**What the task asks**
From the line with "Цена за 300" through the line with "Ansluta med mi", repeat the entries verbatim, both end lines included, and add nothing.

═══ Records for the exercise ═══

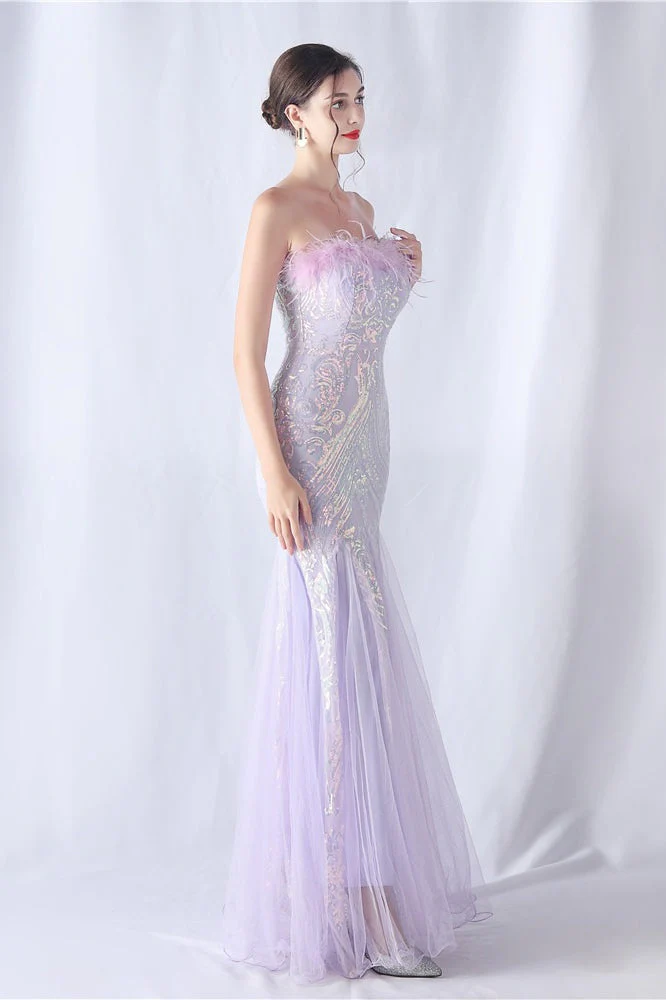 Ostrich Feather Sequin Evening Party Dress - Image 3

═══
═══ Records for the exercise ═══

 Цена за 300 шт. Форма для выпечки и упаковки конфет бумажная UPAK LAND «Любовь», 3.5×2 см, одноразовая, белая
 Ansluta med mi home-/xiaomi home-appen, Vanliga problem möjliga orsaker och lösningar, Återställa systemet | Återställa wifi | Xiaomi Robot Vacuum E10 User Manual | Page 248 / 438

═══

**Response box**
 Цена за 300 шт. Форма для выпечки и упаковки конфет бумажная UPAK LAND «Любовь», 3.5×2 см, одноразовая, белая
 Ansluta med mi home-/xiaomi home-appen, Vanliga problem möjliga orsaker och lösningar, Återställa systemet | Återställa wifi | Xiaomi Robot Vacuum E10 User Manual | Page 248 / 438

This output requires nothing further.